The Notebook can be modified, and the changes pushed back to GitHub. You could easily fork the demonstration’s GitHub repository and modify the CloudFormation template to point to your source code repository.

Amazon QuickSight
Amazon QuickSight provides business intelligence (BI) and visualization. Amazon QuickSight ML Insights adds anomaly detection and forecasting. We can use Amazon QuickSight to visualize the IoT message data, stored in the IoT Analytics Data set.
Amazon QuickSight has both a Standard and an Enterprise Edition. AWS provides a detailed product comparison of each edition. For the post, I am demonstrating the Enterprise Edition, which includes additional features, such as ML Insights, hourly refreshes of SPICE (super-fast, parallel, in-memory, calculation engine), and theme customization.
Please be aware of the costs of Amazon QuickSight if you choose to follow along with this part of the demo. Although there is an Amazon QuickSight API, Amazon QuickSight is not automatically enabled or configured with CloudFormation or using the AWS CLI in this demonstration.
QuickSight Data Sets
Amazon QuickSight has a wide variety of data source options for creating Amazon QuickSight Data sets, including the ones shown below. Do not confuse Amazon QuickSight Data sets with IoT Analytics Data sets; they are two different service features.

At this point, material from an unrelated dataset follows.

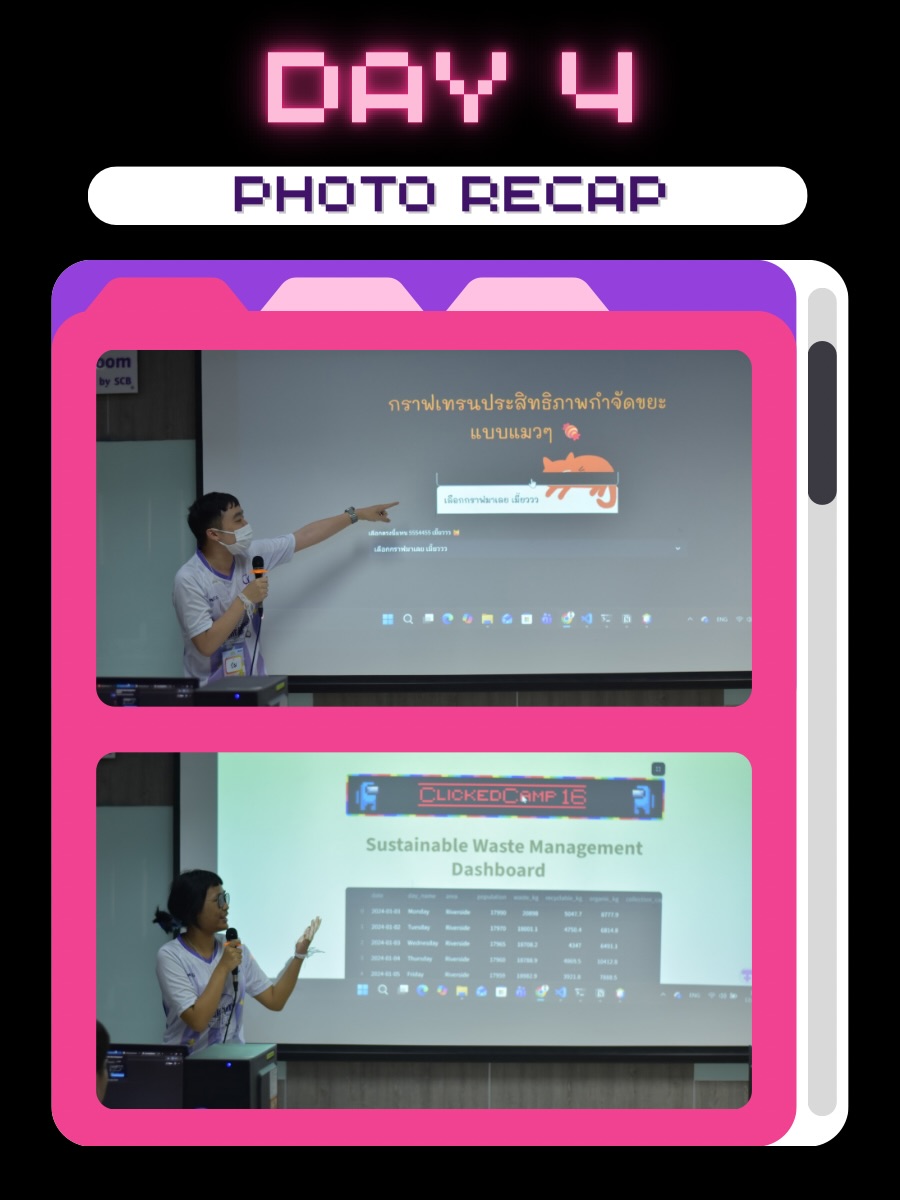 ClickCamp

For the demonstration, we will create an Amazon QuickSight Data set that will use our IoT Analytics Data set, iot_analytics_data_set
.

Amazon QuickSight gives you the ability to view and modify QuickSight Data sets before visualizing. QuickSight even provides a wide variety of functions, enabling us to perform dynamic calculations on the field values. For this demonstration, we will leave the data unchanged since all transformations were already completed in the IoT Analytics Pipeline.

QuickSight Analysis
Using the QuickSight Data set, built from the IoT Analytics Data set as a data source, we create a QuickSight Analysis. The QuickSight Analysis console is shown below. An Analysis is primarily a collection of Visuals (aka Visual types). QuickSight provides several Visual types. Each visual is associated with a Data set. Data for the QuickSight Analysis or each visual within the Analysis can be filtered. For the demo, I have created a simple QuickSight Analysis, including a few typical QuickSight visuals.

QuickSight Dashboards
To share a QuickSight Analysis, we can create a QuickSight Dashboard. Below, we see a few views of the QuickSight Analysis, shown above, as a Dashboard. Although viewers of the Dashboard cannot edit the visuals, they can apply filtering and interactively drill-down into data in the Visuals.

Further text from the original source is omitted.